**WORK ITEM**
Transcribe only what runs from the line containing "24794 NC 24/27" through the final line below, exactly, and leave every picture out.

**INFORMATION SHOWN**
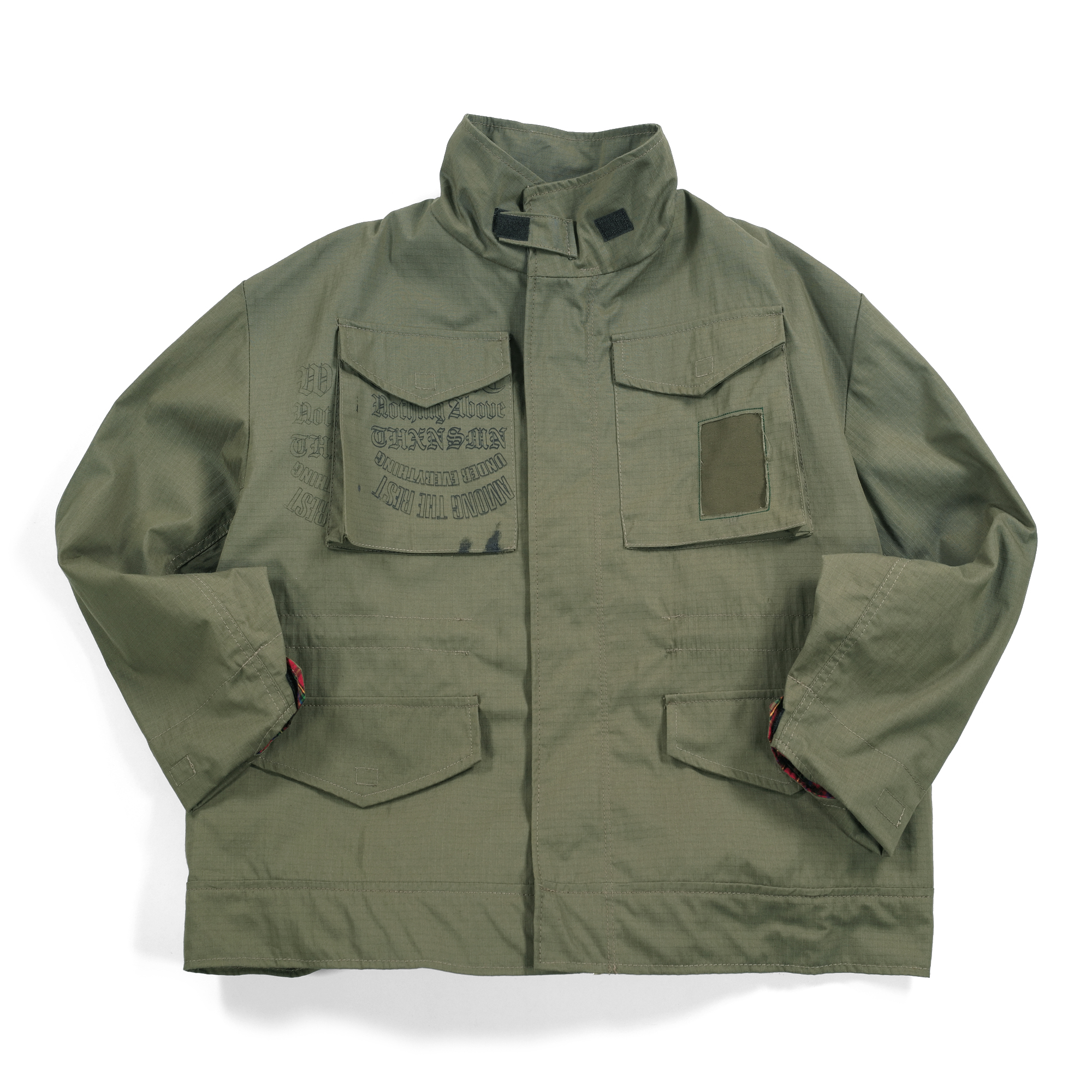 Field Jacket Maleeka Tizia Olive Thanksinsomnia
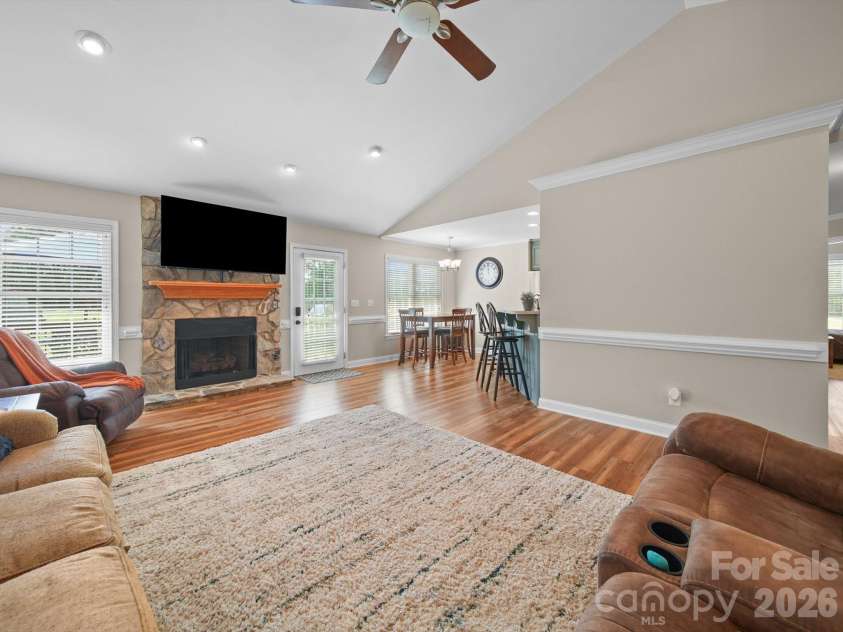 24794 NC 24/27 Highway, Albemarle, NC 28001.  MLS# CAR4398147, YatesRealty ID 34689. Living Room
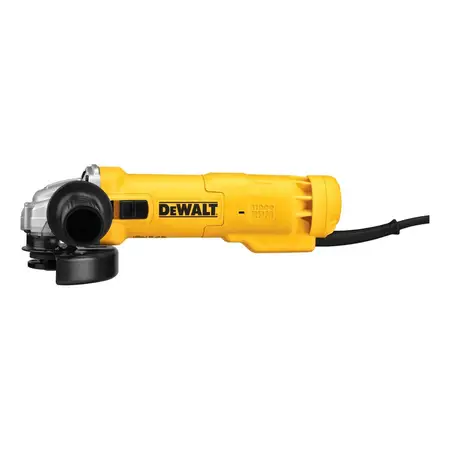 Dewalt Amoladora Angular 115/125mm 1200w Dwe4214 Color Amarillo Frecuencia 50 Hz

**RESULT OF THIS TASK**
 24794 NC 24/27 Highway, Albemarle, NC 28001.  MLS# CAR4398147, YatesRealty ID 34689. Living Room
 Dewalt Amoladora Angular 115/125mm 1200w Dwe4214 Color Amarillo Frecuencia 50 Hz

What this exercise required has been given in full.